== Assignment ==
Repeat each entry exactly. Drop every image.
* * *
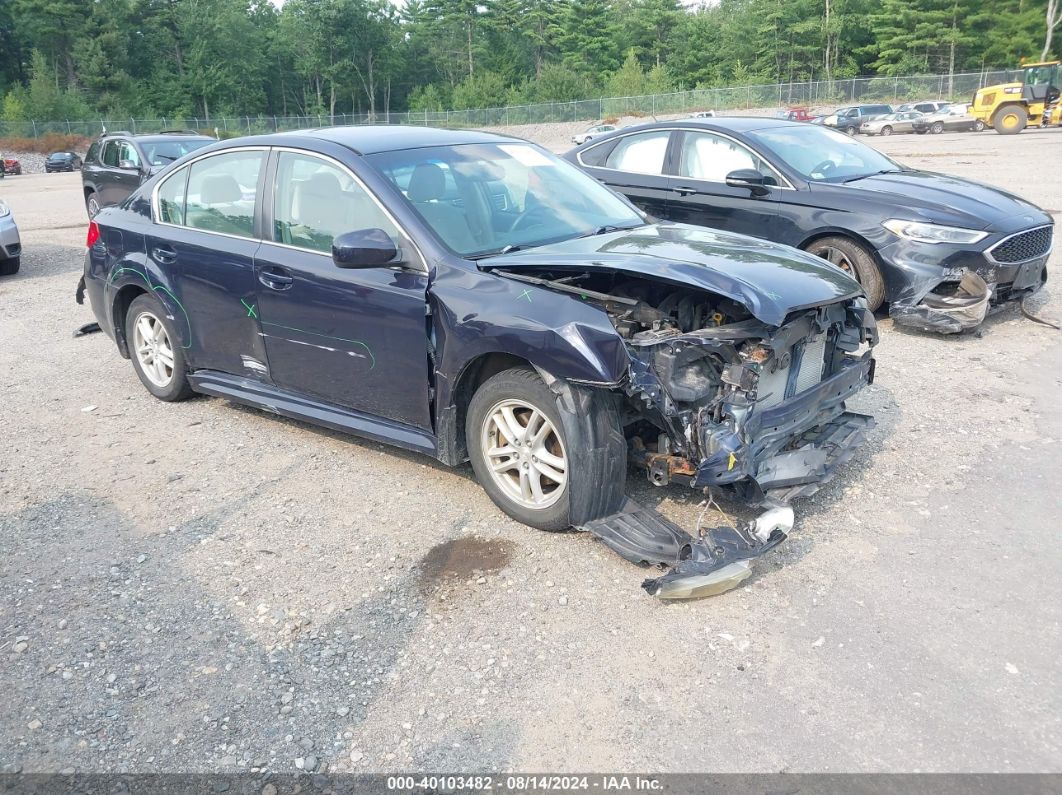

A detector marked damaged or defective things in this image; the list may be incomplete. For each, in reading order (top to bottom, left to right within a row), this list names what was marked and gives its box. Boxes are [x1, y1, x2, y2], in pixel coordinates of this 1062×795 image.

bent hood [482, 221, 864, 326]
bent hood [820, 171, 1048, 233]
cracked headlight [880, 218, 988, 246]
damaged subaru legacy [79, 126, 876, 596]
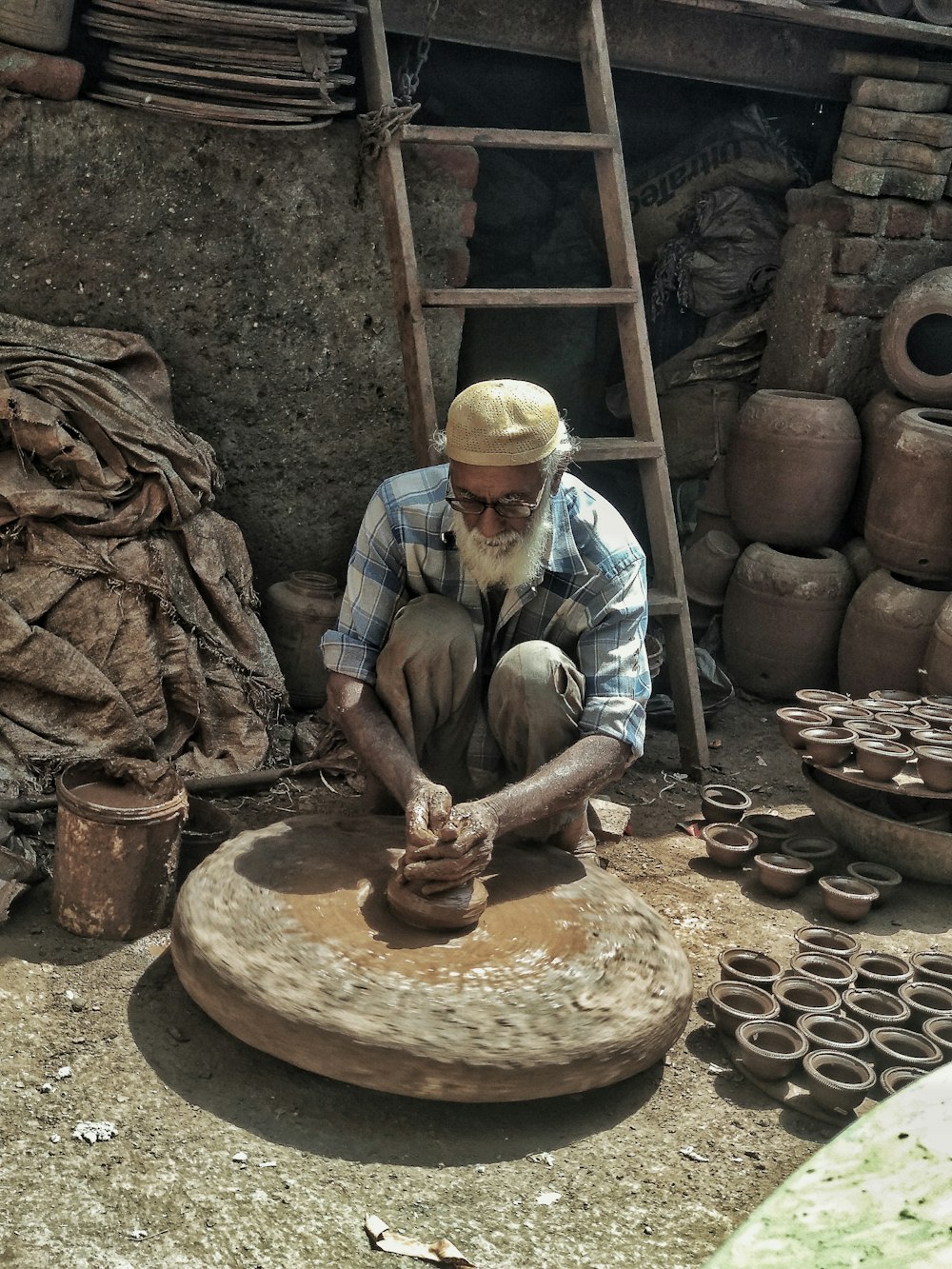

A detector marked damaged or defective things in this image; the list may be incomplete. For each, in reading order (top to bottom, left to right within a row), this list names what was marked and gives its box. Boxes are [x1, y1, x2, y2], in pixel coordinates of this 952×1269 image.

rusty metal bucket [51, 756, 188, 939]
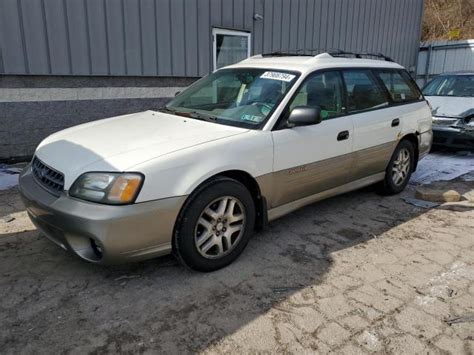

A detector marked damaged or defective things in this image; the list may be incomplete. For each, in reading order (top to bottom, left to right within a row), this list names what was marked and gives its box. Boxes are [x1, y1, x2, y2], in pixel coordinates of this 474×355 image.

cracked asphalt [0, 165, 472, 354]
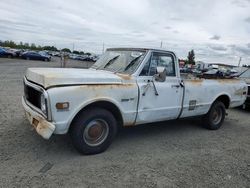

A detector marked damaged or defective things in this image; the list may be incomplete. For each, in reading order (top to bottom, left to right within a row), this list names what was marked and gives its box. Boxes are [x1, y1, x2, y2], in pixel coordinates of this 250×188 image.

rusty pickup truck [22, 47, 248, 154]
* * *
== Expected answer ==
A detector marked damaged or defective things in this image; the list may be incomplete. For each, in reading order (top to bottom, left to right within a row), this list names what was marked and gives its box. Boxes are [x1, y1, x2, y2], in pixel coordinates of this 1062×795 image.

bent hood [482, 221, 864, 326]
bent hood [820, 171, 1048, 233]
cracked headlight [880, 218, 988, 246]
damaged subaru legacy [79, 126, 876, 596]

A detector marked damaged or defective things in this image; the list may be incomplete. For each, in reading order (top to bottom, left to right within a row), this list names what was marked and gives its box. Boxes are [x1, y1, x2, y2], in pixel coordinates of this 952×1269 image.

rusty metal bucket [51, 756, 188, 939]

A detector marked damaged or defective things in this image; the list may be incomplete. For each, in reading order (top to bottom, left to right within a row), this list names what was marked and gives its box. Boxes are [x1, y1, x2, y2], in pixel coordinates of this 474×355 image.

cracked asphalt [0, 165, 472, 354]

A detector marked damaged or defective things in this image; the list may be incomplete. For each, in reading order (top to bottom, left to right within a row), this list names what was marked and gives its box. Boxes are [x1, y1, x2, y2], in pixel coordinates of this 250×188 image.

rusty pickup truck [22, 47, 248, 154]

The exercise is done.